*** Supplied material Section Begins ***

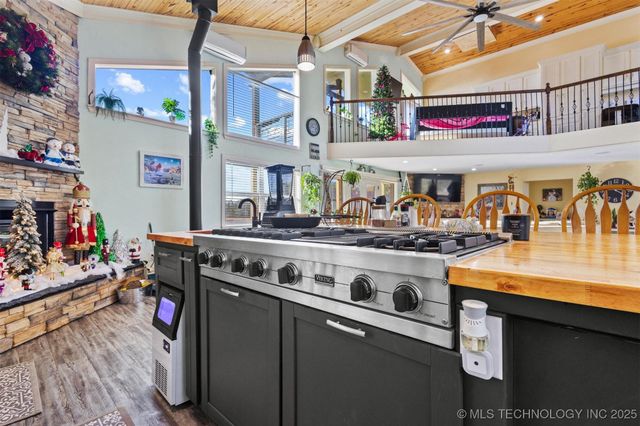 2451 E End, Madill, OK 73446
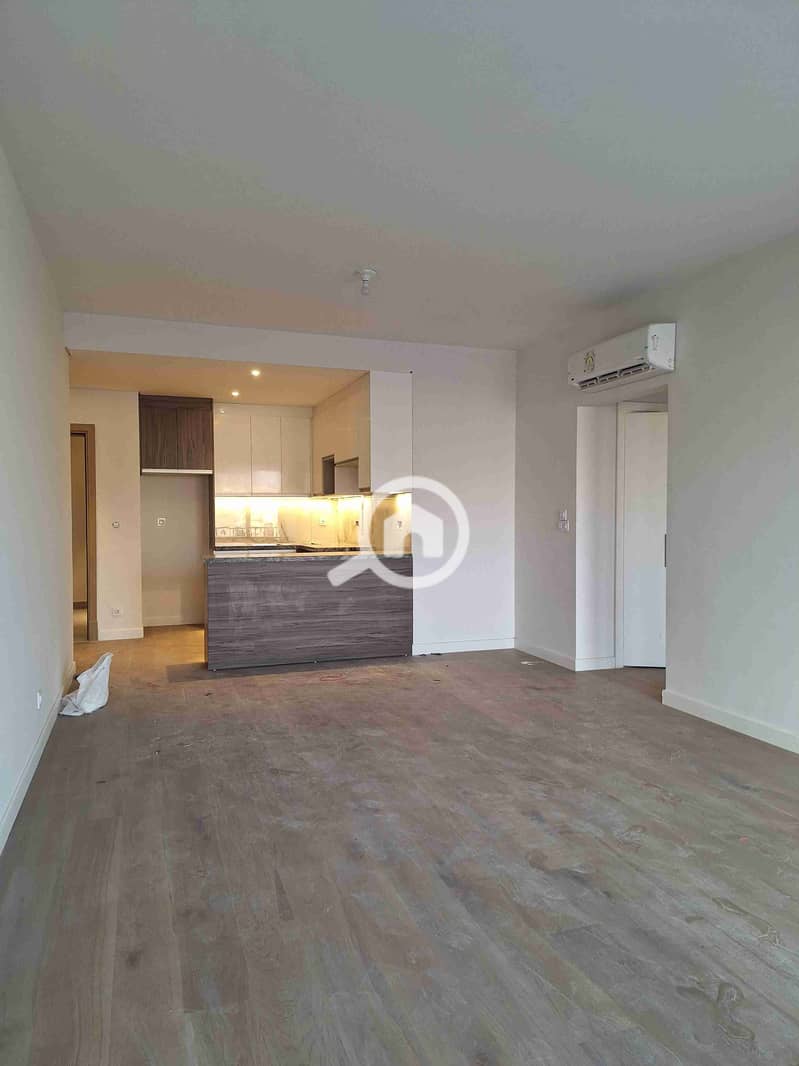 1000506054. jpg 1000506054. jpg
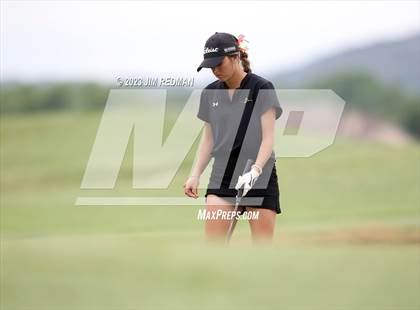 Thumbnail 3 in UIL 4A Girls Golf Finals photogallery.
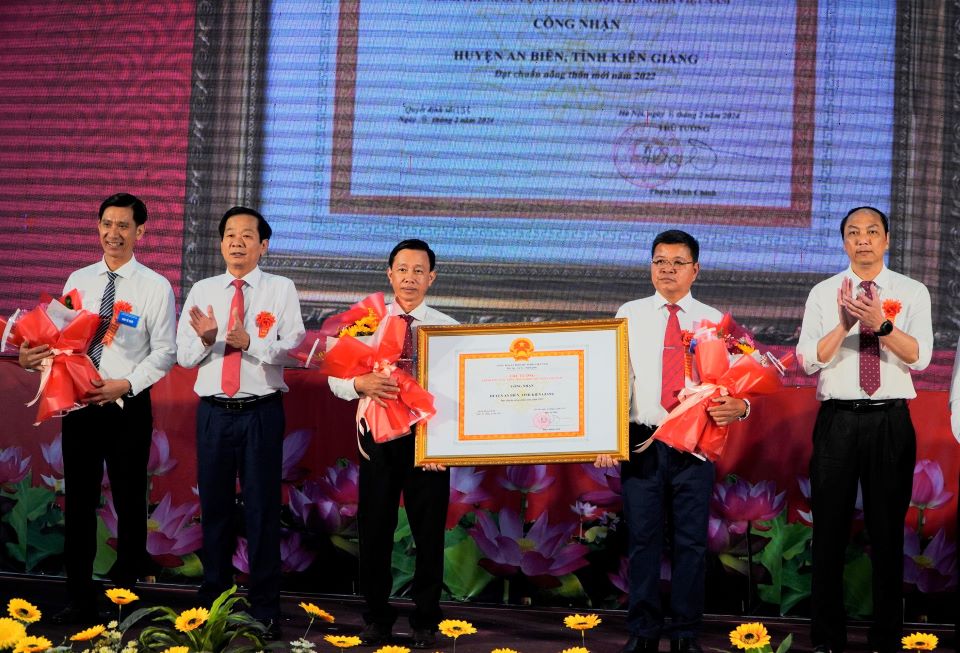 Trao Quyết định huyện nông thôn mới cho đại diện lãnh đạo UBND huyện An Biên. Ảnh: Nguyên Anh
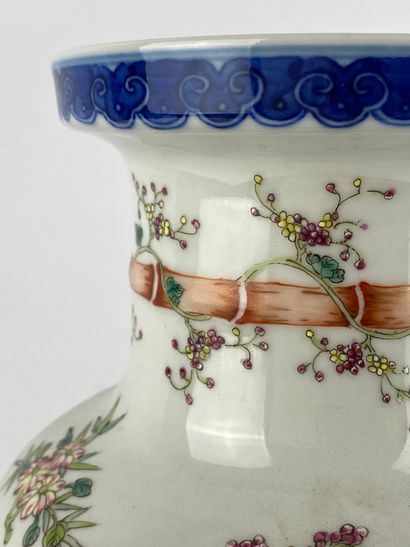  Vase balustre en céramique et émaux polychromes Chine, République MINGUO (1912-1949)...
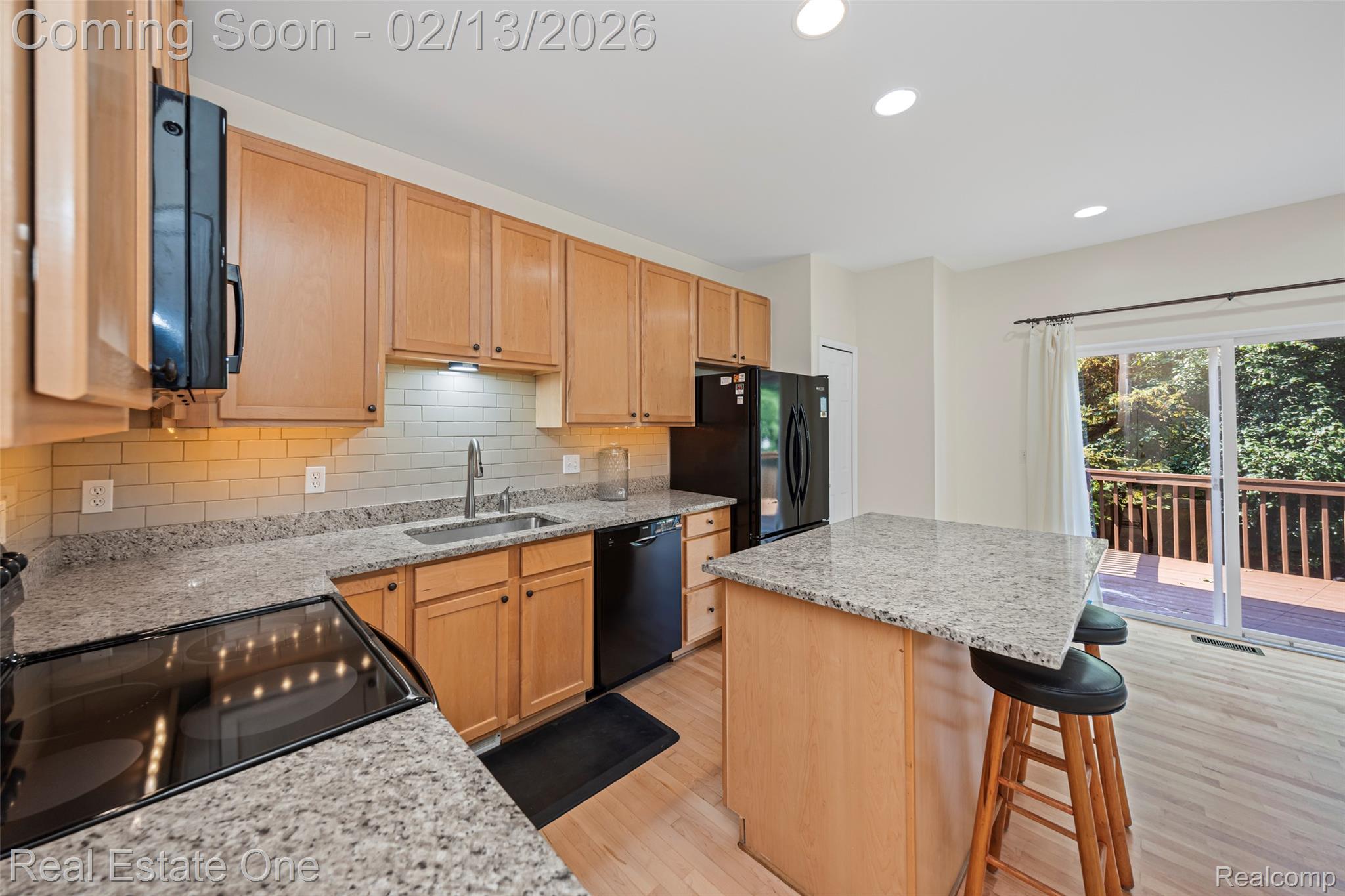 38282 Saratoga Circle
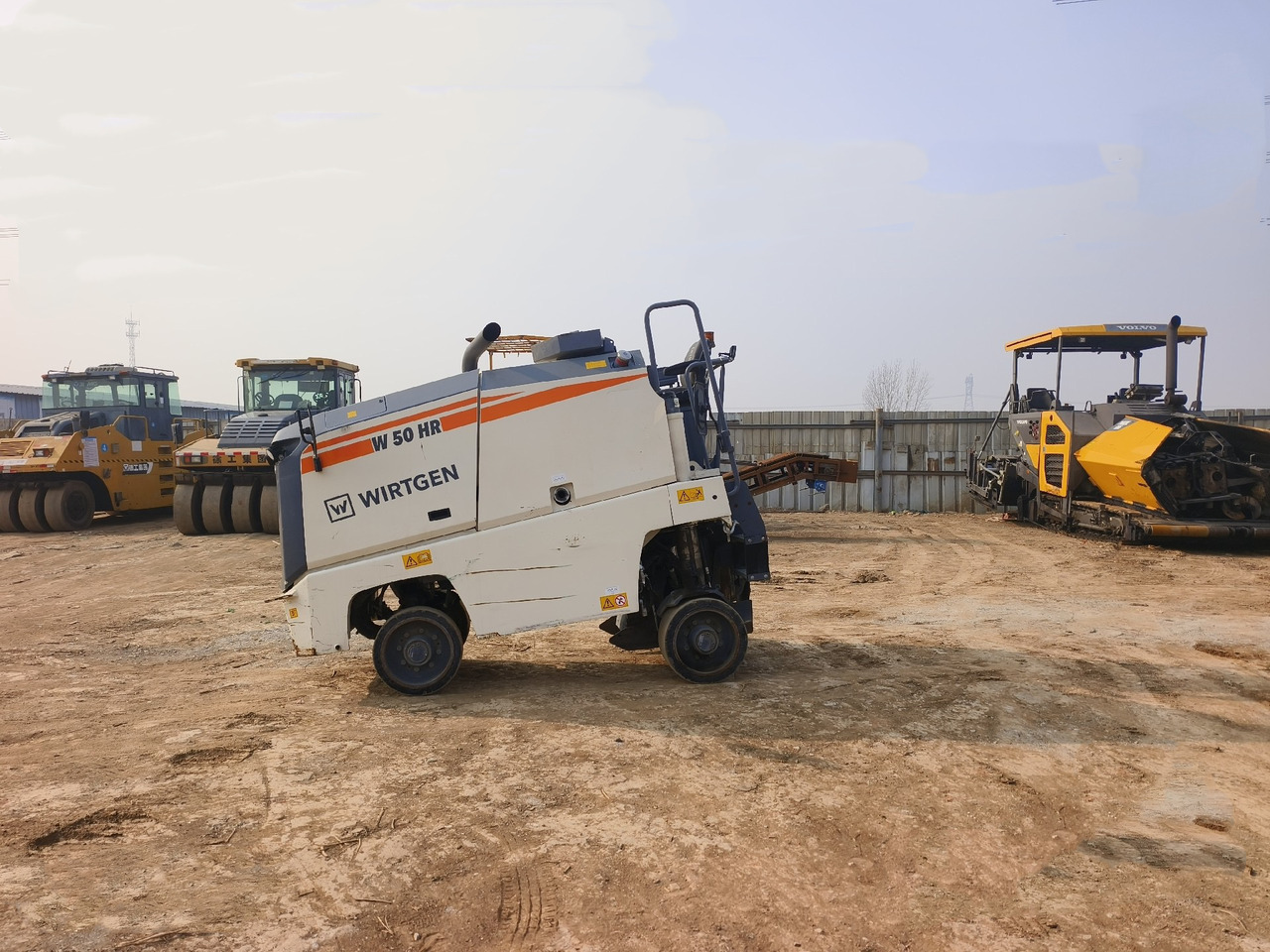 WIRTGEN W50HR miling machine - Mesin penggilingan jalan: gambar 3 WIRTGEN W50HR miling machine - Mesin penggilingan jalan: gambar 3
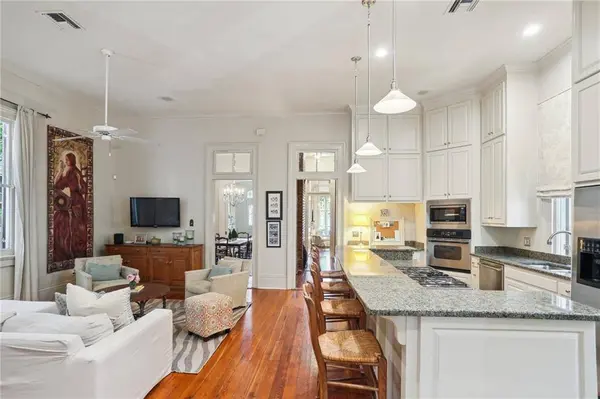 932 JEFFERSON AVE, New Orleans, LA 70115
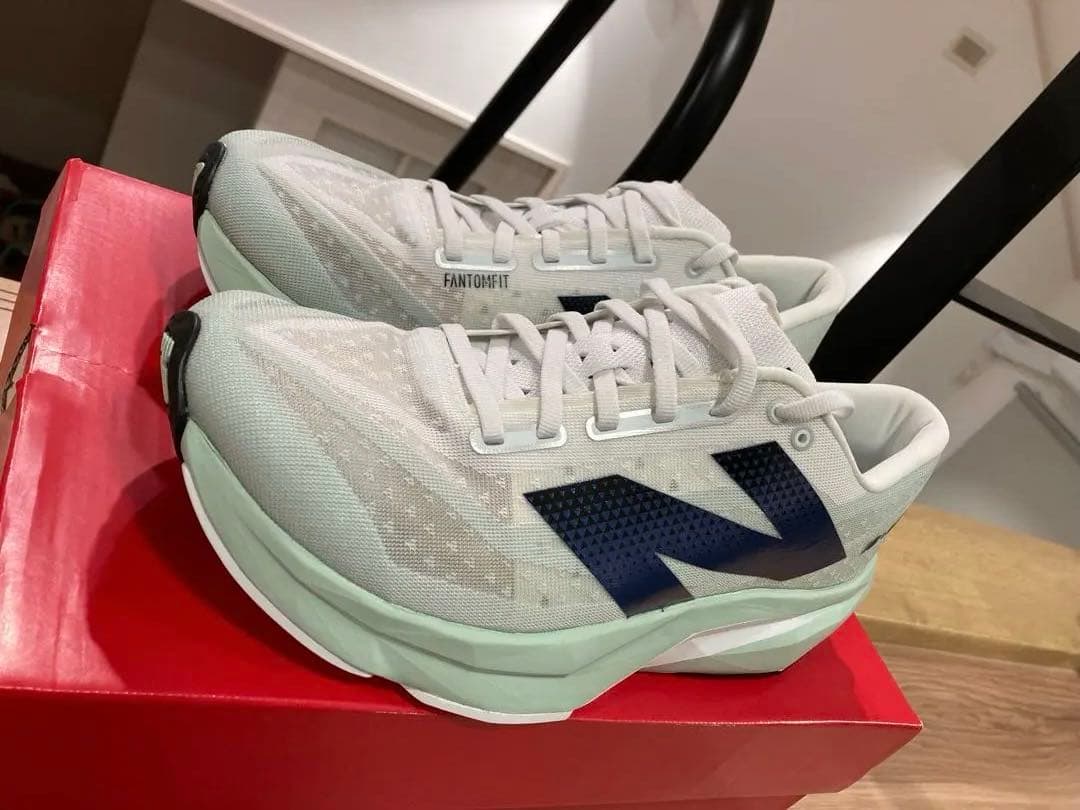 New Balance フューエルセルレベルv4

*** Supplied material Section Ends ***

▶ [Exercise] All lines above starting at the one with "1000506054. jpg 1000506054. jpg" and ending at the one with "gambar 3 WIRTGEN", inclusive, are to be printed again exactly, with the pictures left out.

▶ [Finished exercise]
 1000506054. jpg 1000506054. jpg
 Thumbnail 3 in UIL 4A Girls Golf Finals photogallery.
 Trao Quyết định huyện nông thôn mới cho đại diện lãnh đạo UBND huyện An Biên. Ảnh: Nguyên Anh
  Vase balustre en céramique et émaux polychromes Chine, République MINGUO (1912-1949)...
 38282 Saratoga Circle
 WIRTGEN W50HR miling machine - Mesin penggilingan jalan: gambar 3 WIRTGEN W50HR miling machine - Mesin penggilingan jalan: gambar 3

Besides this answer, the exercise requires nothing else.